INFORMATION PROVIDED:
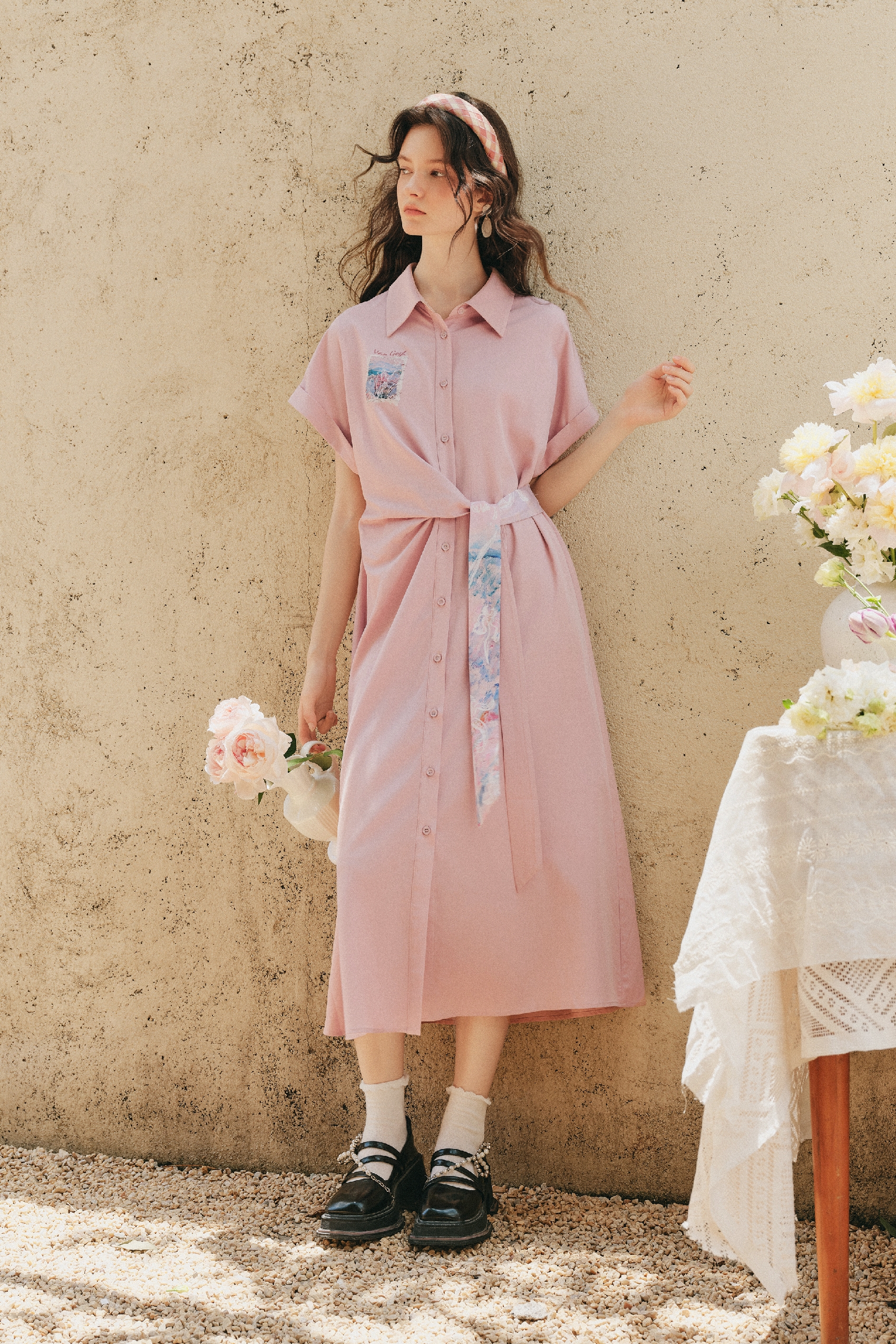 Contrast Color Simple Casual Dress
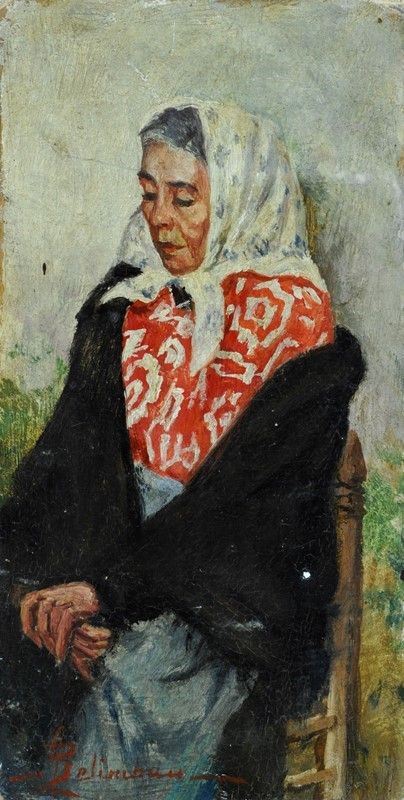 Adolfo Belimbau - Donna Seduta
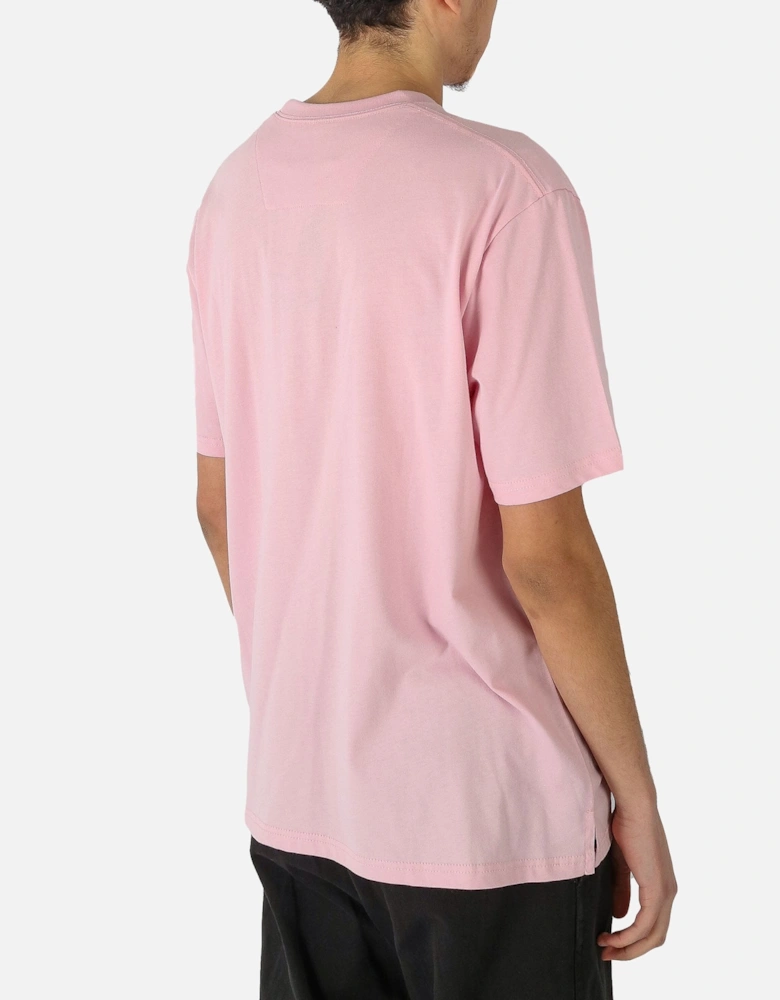 Injection Chest Logo Pink Tee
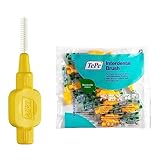 TePe Interdentalbürste, Original, Gelb, 0,7 mm/ISO 4, 20 Stk., Plaque-Entfernung, effiziente Reinigung der Zahnzwischenräume, für mittelgroße Lücken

TASK BRIEF:
Pictures stay out. Copy exactly, and only, the lines from the one containing "Adolfo Belimbau - Donna Seduta" through the end of the data.

ANSWER SECTION:
 Adolfo Belimbau - Donna Seduta
 Injection Chest Logo Pink Tee
 TePe Interdentalbürste, Original, Gelb, 0,7 mm/ISO 4, 20 Stk., Plaque-Entfernung, effiziente Reinigung der Zahnzwischenräume, für mittelgroße Lücken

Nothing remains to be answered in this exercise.